**Work to complete:** Excluding images, repeat the data exactly as given.

Collected data entries:
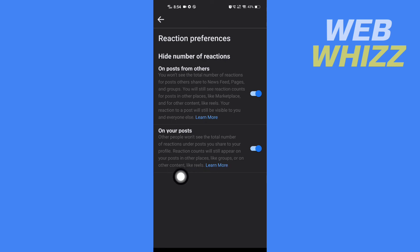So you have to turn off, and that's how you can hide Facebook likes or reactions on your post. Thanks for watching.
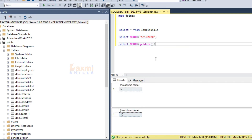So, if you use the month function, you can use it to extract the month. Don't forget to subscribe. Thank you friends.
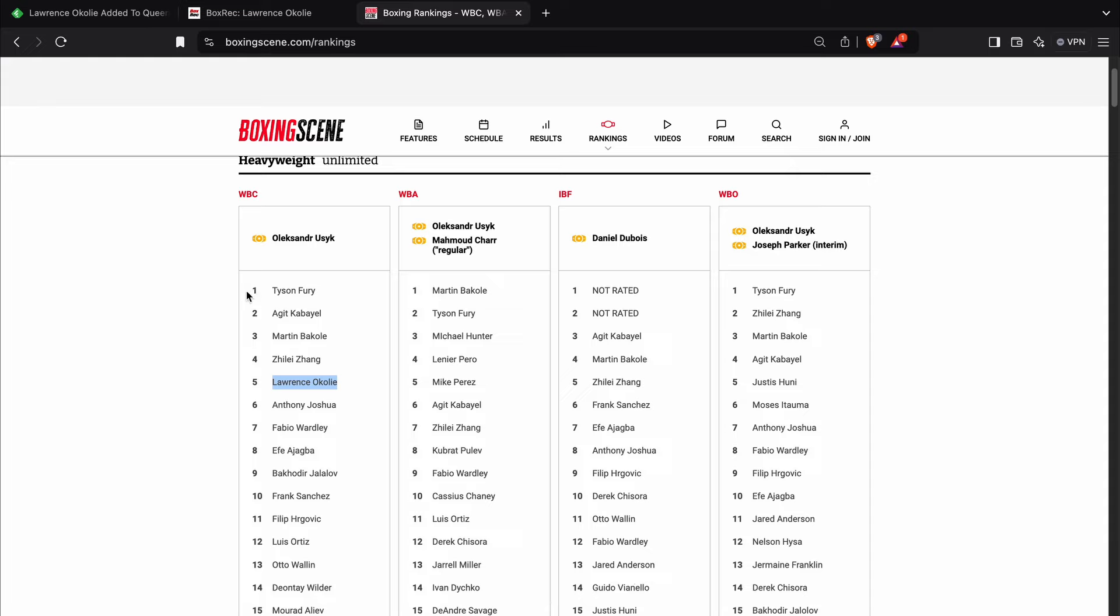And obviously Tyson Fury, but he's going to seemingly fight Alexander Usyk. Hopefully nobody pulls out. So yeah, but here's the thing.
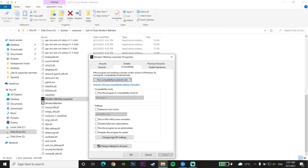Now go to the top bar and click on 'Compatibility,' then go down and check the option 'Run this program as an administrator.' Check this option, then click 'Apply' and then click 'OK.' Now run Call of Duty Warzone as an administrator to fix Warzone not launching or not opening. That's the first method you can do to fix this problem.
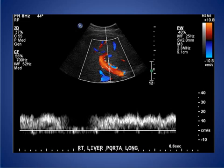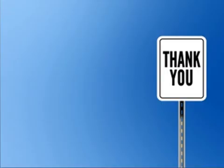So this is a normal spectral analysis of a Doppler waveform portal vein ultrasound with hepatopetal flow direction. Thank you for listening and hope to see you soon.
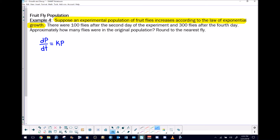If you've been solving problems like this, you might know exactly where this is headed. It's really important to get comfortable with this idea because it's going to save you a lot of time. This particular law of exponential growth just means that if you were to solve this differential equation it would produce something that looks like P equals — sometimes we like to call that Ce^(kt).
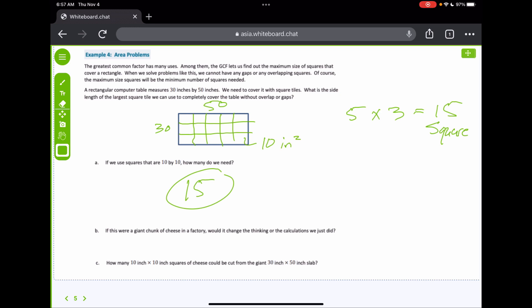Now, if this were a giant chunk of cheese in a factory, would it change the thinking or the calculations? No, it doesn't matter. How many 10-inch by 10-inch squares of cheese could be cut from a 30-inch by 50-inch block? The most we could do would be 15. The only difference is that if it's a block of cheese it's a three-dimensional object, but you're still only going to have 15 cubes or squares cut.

**Written response:**
So you have to turn off, and that's how you can hide Facebook likes or reactions on your post. Thanks for watching.
So, if you use the month function, you can use it to extract the month. Don't forget to subscribe. Thank you friends.
And obviously Tyson Fury, but he's going to seemingly fight Alexander Usyk. Hopefully nobody pulls out. So yeah, but here's the thing.
Now go to the top bar and click on 'Compatibility,' then go down and check the option 'Run this program as an administrator.' Check this option, then click 'Apply' and then click 'OK.' Now run Call of Duty Warzone as an administrator to fix Warzone not launching or not opening. That's the first method you can do to fix this problem.
So this is a normal spectral analysis of a Doppler waveform portal vein ultrasound with hepatopetal flow direction. Thank you for listening and hope to see you soon.
If you've been solving problems like this, you might know exactly where this is headed. It's really important to get comfortable with this idea because it's going to save you a lot of time. This particular law of exponential growth just means that if you were to solve this differential equation it would produce something that looks like P equals — sometimes we like to call that Ce^(kt).
Now, if this were a giant chunk of cheese in a factory, would it change the thinking or the calculations? No, it doesn't matter. How many 10-inch by 10-inch squares of cheese could be cut from a 30-inch by 50-inch block? The most we could do would be 15. The only difference is that if it's a block of cheese it's a three-dimensional object, but you're still only going to have 15 cubes or squares cut.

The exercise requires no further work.